Bauer Harms wartete vor dem kleinen Haus am Kanalweg auf die Polizei, die er inzwischen benachrichtigt hatte. Er scheute sich davor, noch einmal hineingehen. Er mochte dem Tod nicht mehr ins Auge schauen. Und er hoffte inständig, dass Erika vor ihrem Tod wenigstens nicht gelitten hatte. Endlich kamen sie. Der Zivilbeamte stellte sich mit Kommissar Jansen vor. Er war in Begleitung von Hauptwachtmeister Dirks, der eine Polizeiuniform trug. Auch sie konnten nach kurzem Augenschein ebenfalls keine äußeren Verletzungen feststellen. Bauer Harms wusste nichts Näheres zu berichten. Er war ja zu spät gekommen. Da lag Erika schon tot auf dem Boden in der Küche. Neben den gelben Rosen.
Vielleicht hatte die Tochter, Ida, ja etwas gesehen? Der Kommissar machte sich Notizen.
Der Leichnam wurde in die Pathologie zur Feststellung der Todesursache gebracht.
Jansen suchte die immer noch völlig verstörte Ida auf und befragte sie. Er wählte seine Fragen sehr behutsam und vorsichtig, um die Kleine nicht noch mehr zu erschrecken.
Sie hatte den Mann angeblich noch nie gesehen. Ein Fremder war das gewesen. Und es ging alles so schnell. Plötzlich war er da. Der Kommissar schüttelte den Kopf und hob die Augenbrauen. Warum war er da?
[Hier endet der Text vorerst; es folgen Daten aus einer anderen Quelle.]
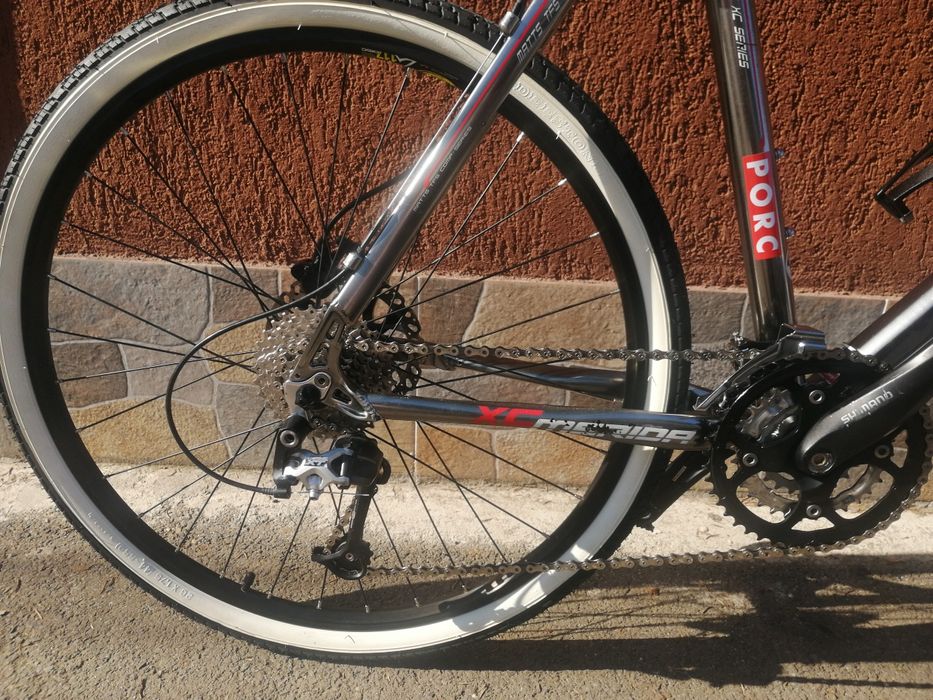 Bicii MERIDA 26" full aluminiu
Kannte ihn deine Mutter? Ida verhielt sich verstockt. Sie sagte plötzlich überhaupt nichts mehr, sondern schwieg und man ließ sie daraufhin erst einmal in Ruhe. Ida wusste nicht, wie ihre Mutter gestorben war. Aber dass sie tot war, hatte man ihr gesagt. Und dass der Mann sie umgebracht hatte. Der fremde Mann. So schonend wie möglich versuchte der Kommissar, Ida den Tod ihrer Mutter begreiflich zu machen. Daraufhin hatte sich Ida vollends in ihr Schneckenhaus verkrochen. Sie zeigte keine äußerliche Reaktion. Ida war wie versteinert. Sie gab sich die Schuld am Tod ihrer Mutter. Schwere Schuldgefühle sollten sie Zeit ihres Lebens begleiten.
Der Pathologe bescheinigte später einen Tod durch Fremdeinwirkung. Erika starb an einem Genickbruch, der nicht durch einen Sturz verursacht worden war. Sie war gewaltsam getötet worden.
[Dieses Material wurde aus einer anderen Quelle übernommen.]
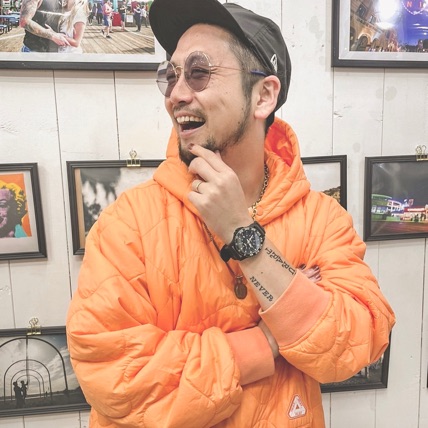 投稿者のアイコン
Zeugen wurden befragt. Einige wollten Ida öfter mit einem jungen Mann auf dem Fahrrad gesehen haben. Die Beschreibung war allerdings dürftig und fiel auch
unterschiedlich aus.
Jansen entschloss sich, Ida noch einmal aufzusuchen. Trog ihn sein Gefühl oder verbarg das Mädchen etwas? Er war sich nicht ganz sicher.
„Warst du in letzter Zeit öfter mit einem jungen Mann unterwegs?“ wurde Ida am nächsten Tag gefragt. Sie schüttelte heftig den Kopf. Ida blieb stumm und zog sich in ihre Welt zurück. Sie wollte mit niemandem reden. Der Kommissar gab es auf, denn mit Gewalt konnte er Ida nicht zwingen, das zu sagen, was sie scheinbar wusste, aber verschwieg. Ida versuchte krampfhaft, ihr traumatisches Erlebnis zu verdrängen.
Zwei ältliche Damen vom Fürsorgeamt kümmerten sich anschließend um das Kind. Ida mochte diese nicht. Besonders die eine nicht, die sich Fräulein Ronneberger nannte und aussah wie eine dünne Ziege und so stechende Augen wie ein Adler hatte. Außerdem schien es ihr, als ob diese auf sie herab sah. Was hatte sie denn getan? Mehr und mehr schlich sich in Ida das Gefühl ein, etwas ganz Böses angerichtet zu haben.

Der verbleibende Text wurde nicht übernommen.